Every record gets copied exactly, and no picture goes with it.

▶ [Image-text web data]
····················

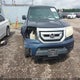 5FNYF4H22BB082252 2011 Honda Pilot Lx auction photo thumbnail 6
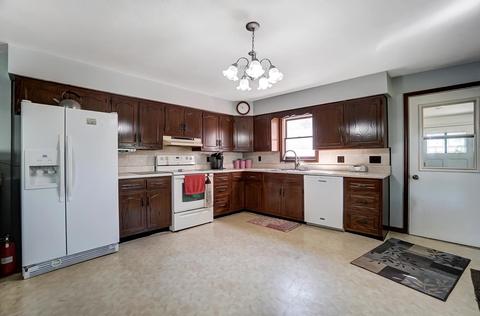 6545 E 700 S, Hamilton, IN 46742 photo 13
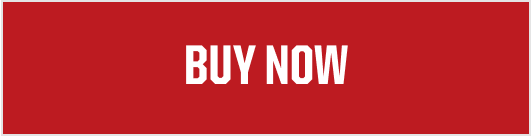 BUY NOW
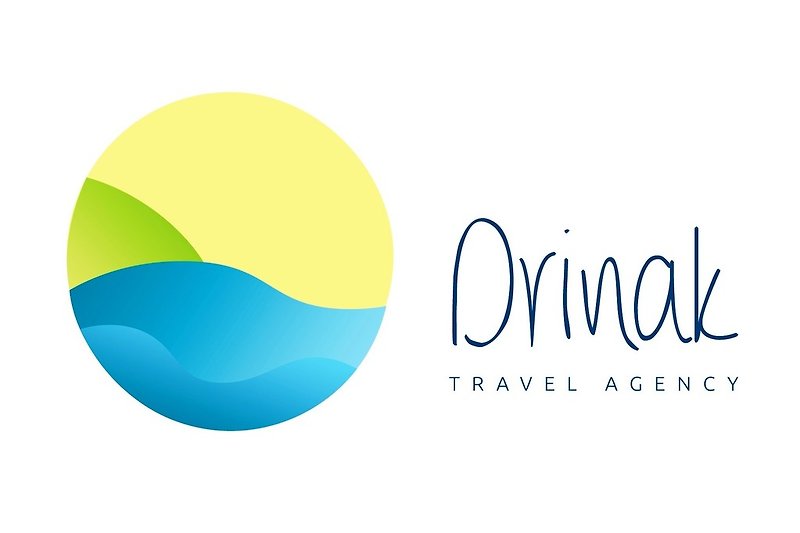 Drinak - travel agency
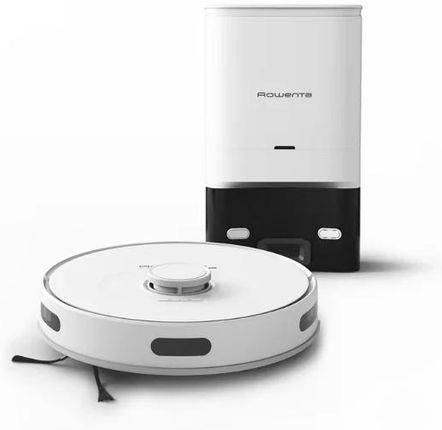 専用 roBa-LP ホワイト 専用 roBa-LP ホワイト 無線keyball39な「roBa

····················

▶ [Expected answer]
 5FNYF4H22BB082252 2011 Honda Pilot Lx auction photo thumbnail 6
 6545 E 700 S, Hamilton, IN 46742 photo 13
 BUY NOW
 Drinak - travel agency
 専用 roBa-LP ホワイト 専用 roBa-LP ホワイト 無線keyball39な「roBa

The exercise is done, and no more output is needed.